10

My question seems like it should be simple but I'm amazed that I can't find the answer.

I live in Canada so en_CA.UTF8 or en_US.UTF8 are the locales that are most appropriate, however I really dislike the date/time formats they have. I agree with xkcd ( https://xkcd.com/1179/ ) that there is one way to format dates: yyyy-mm-dd. I've even gotten used to using 24-hour clock for time.

So this is a complete disaster for me, as formatted by en_US.UTF8: "Sat 27 Jan 2018 05:20:38 PM EST"

I'm sure must be a locale which uses variants of

%Y-%m-%d %H:%M:%S %Z

as appropriate for d_fmt, d_t_fmt, date_fmt etc. but I can't find a reference of which locales use which formats.

I've seen this question Best practice to customize date/time format system-wide? it had no responses so I chose to ask a new one since mine is slightly different, I don't want to customize locales, I want to be able to specify

LC_TIME=??

and get the "correct" format. In my case, the ideal answer is a reference document which details the formats used for various locales so I can choose the LC_TIME which is closest to what I want.
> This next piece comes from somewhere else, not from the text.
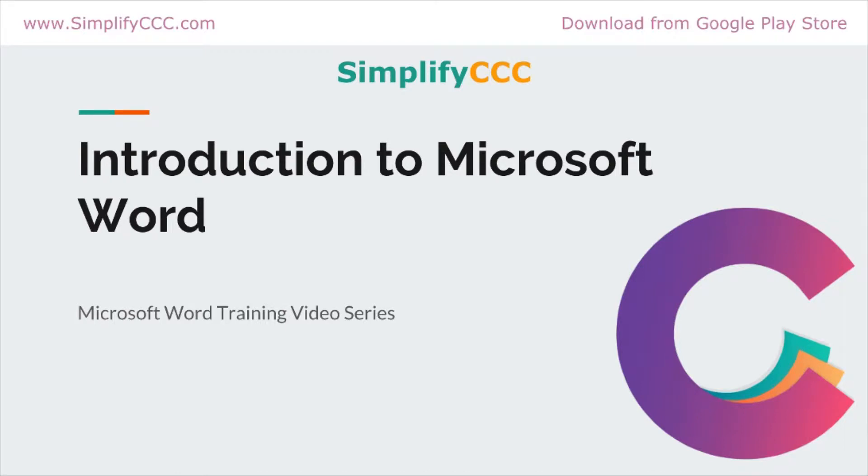Hello Learners, welcome to the very first video of Simplify CCC video series. I am Akhil, your instructor for MS Word.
By the way, I've done the exercise of manually modifying en_CA.UTF8 with settings that I'm happy with but this is too time-consuming to do in multiple environments, there must be an easier way.

3 Answers 3

4

Locale data on most Linux systems is defined in the glibc source code; I’ll explain how to use that to look for a matching locale.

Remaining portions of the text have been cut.